Ohms law, Understanding formula

[brother]

Just brushing up on my math. E=I*R I=E/R R=E/I So in a motor load, that has alot(increase) of resistance (on a rail that needs oiling) , and the breaker trips. How does this fit with the formula though?? Just thinking out loud.

 

[steve66]

Ohms law works for linear loads (constant resistance or impedence) which your motor is not.

Better to think in terms of power P=E*I. The motor requires more power to overcome the resistance of the rails. Since E can't go up, I has to increase.

The intersting thing is that for a constant load, if you lower the voltage to a motor, the current goes up. That's the opposite of what you would expect from ohms law. But if you look at P=E*I, if P stays constant, and E goes down, I has to go up.

Edit: Someone will probably give me grief for not including power factor, since motors came into the discussion. But the basic relationships stay the same even if we start adding the difference between KVA and P.

Steve

 

[drbond24]

Ohm's law only works right with resistive loads. A motor is an inductive load, so it doesn't necessarily observe this law.

Other than to tell you that, I can't help because I don't understand your question. :smile:


(edit: I didn't type fast enough! Steve beat me. )

 

[brother]

Ohms law works for linear loads (constant resistance or impedence) which your motor is not.

Better to think in terms of power P=E*I. The motor requires more power to overcome the resistance of the rails. Since E can't go up, I has to increase.

The intersting thing is that for a constant load, if you lower the voltage to a motor, the current goes up. That's the opposite of what you would expect from ohms law. But if you look at P=E*I, if P stays constant, and E goes down, I has to go up.

Edit: Someone will probably give me grief for not including power factor, since motors came into the discussion. But the basic relationships stay the same even if we start adding the difference between KVA and P.

Steve

ok so a motor would be an inductive load. I can see that, but so are transformers. P= power or watts, volt amperes right?? so should I just look at a motor as a watt?? and the 'resistance' on the rails as more watts added??

 

[raider1]

ok so a motor would be an inductive load. I can see that, but so are transformers. P= power or watts, volt amperes right?? so should I just look at a motor as a watt?? and the 'resistance' on the rails as more watts added??
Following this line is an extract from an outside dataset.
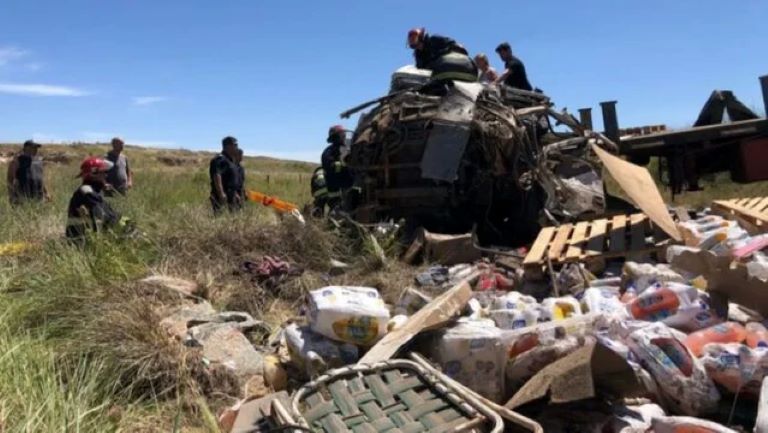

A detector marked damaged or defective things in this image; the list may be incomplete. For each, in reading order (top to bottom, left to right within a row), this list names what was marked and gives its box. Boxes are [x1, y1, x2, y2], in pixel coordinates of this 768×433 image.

Transformers are not a load. Transformers work on the principals of induction, but Ohm's law does work for transformer calculations.

Chris

 

[dereckbc]

As stated Ohm's Law is for pure resistance loads, and does not iclude a 5th element in AC inductive loads known as inductive reactance. Ohm;s law will get you in the ball park but is not accurate with AC circuits unless it is purely a passive resistance circuit like a heat strip.

 

[steve66]

There is an ohms law that works for AC circuits that have capacitance and inductance. It is:

V=I * Z

V, I, and Z are all phasors, and the * is an operation a lot like (but not exactly) multiplication.

So you can use ohms law to find out that 120 volts across a inductive reactance of 120 ohms is 1 amp. But you have to have a single frequency, constant voltage source. And you have to keep careful track of angles for anything more complex than the simplest problems.

The big difference with the motor problem is that a motor isn't linear. As the load it sees changes (more resistance on the rails) its resistance and inductance changes.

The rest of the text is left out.